• REQUIRED WORK:
Everything in the entries below must be reproduced exactly, except the images.

================

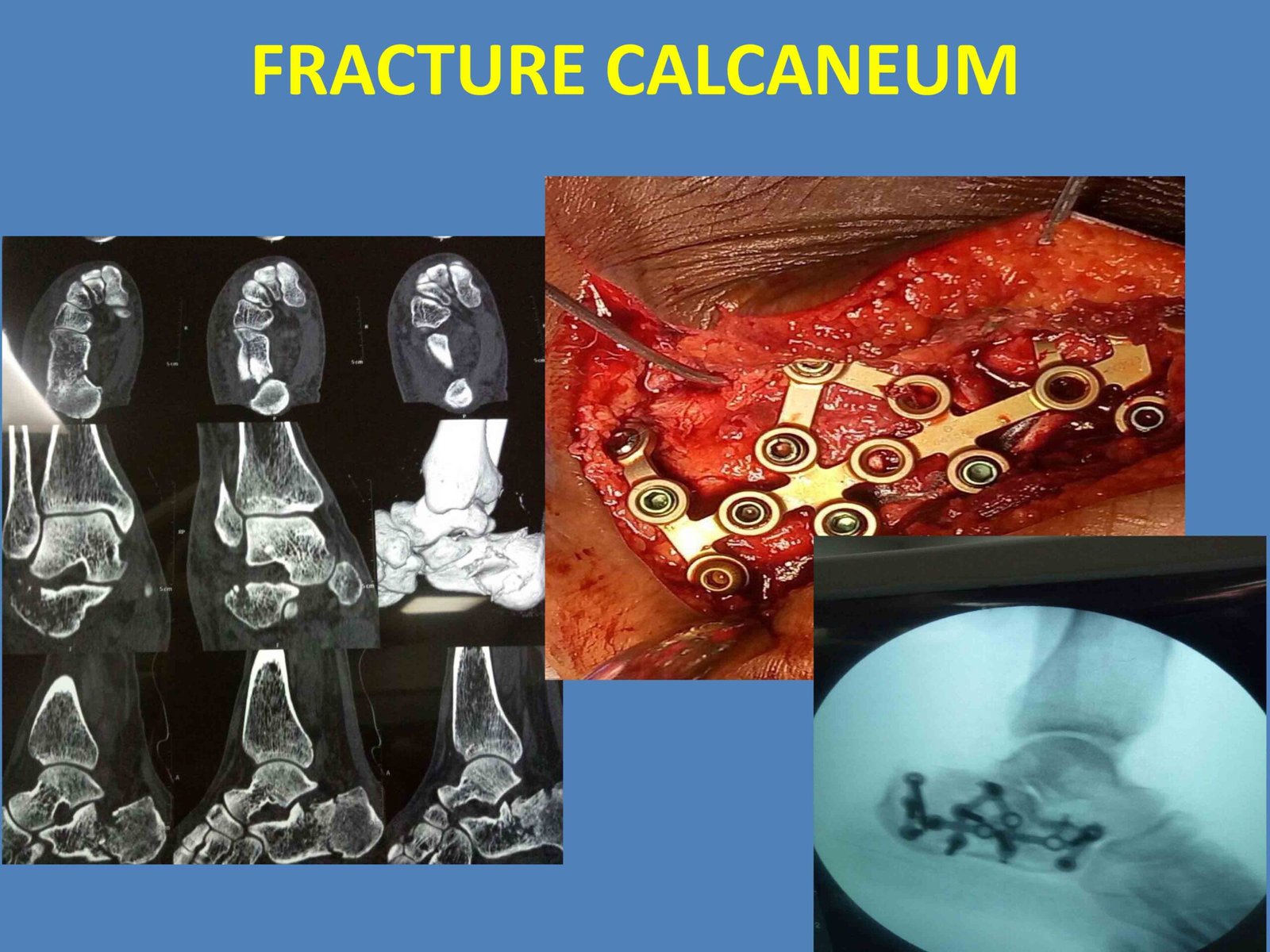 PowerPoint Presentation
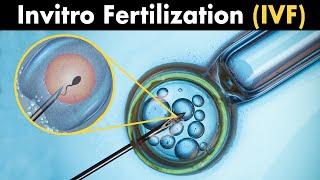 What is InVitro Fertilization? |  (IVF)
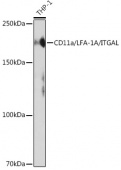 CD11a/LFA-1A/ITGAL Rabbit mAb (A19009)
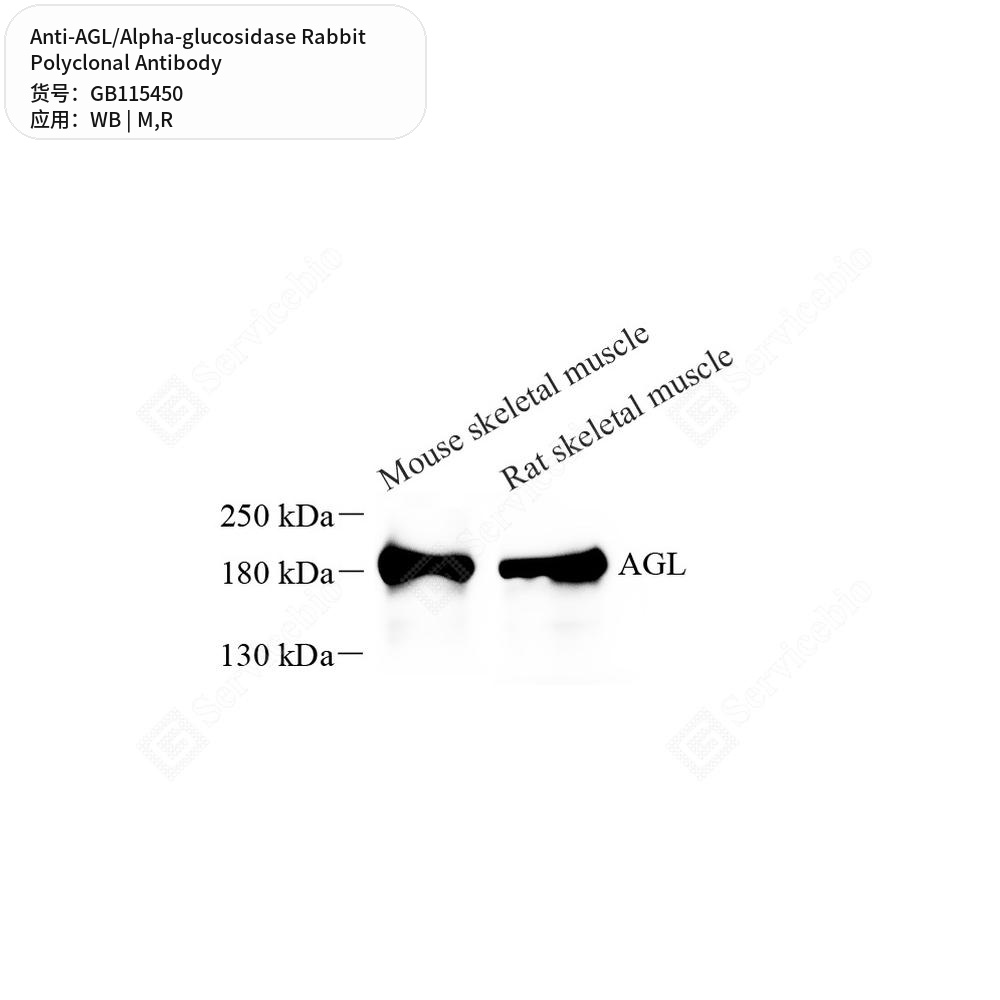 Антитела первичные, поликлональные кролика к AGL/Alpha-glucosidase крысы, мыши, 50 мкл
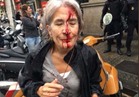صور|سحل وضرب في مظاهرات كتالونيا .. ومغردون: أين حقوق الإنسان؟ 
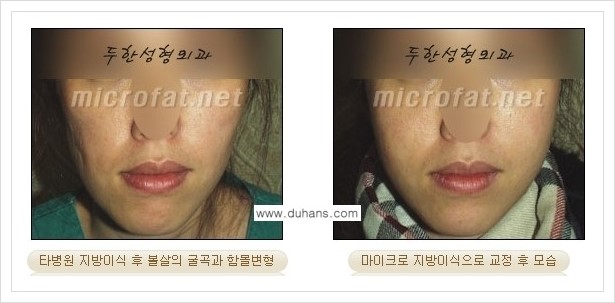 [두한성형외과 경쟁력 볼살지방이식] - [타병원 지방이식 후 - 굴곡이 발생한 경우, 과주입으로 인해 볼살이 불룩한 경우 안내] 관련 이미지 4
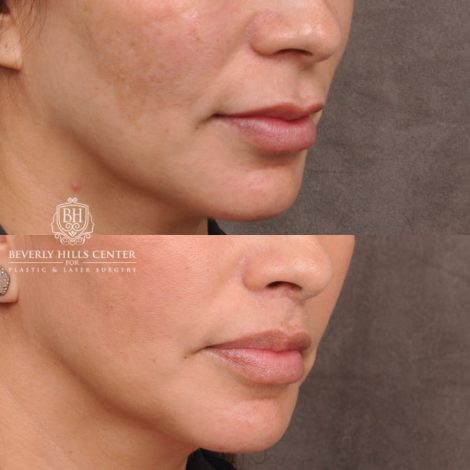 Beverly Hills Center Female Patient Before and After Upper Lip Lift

================

• EXERCISE OUTPUT:
 PowerPoint Presentation
 What is InVitro Fertilization? |  (IVF)
 CD11a/LFA-1A/ITGAL Rabbit mAb (A19009)
 Антитела первичные, поликлональные кролика к AGL/Alpha-glucosidase крысы, мыши, 50 мкл
صور|سحل وضرب في مظاهرات كتالونيا .. ومغردون: أين حقوق الإنسان؟ 
 [두한성형외과 경쟁력 볼살지방이식] - [타병원 지방이식 후 - 굴곡이 발생한 경우, 과주입으로 인해 볼살이 불룩한 경우 안내] 관련 이미지 4
 Beverly Hills Center Female Patient Before and After Upper Lip Lift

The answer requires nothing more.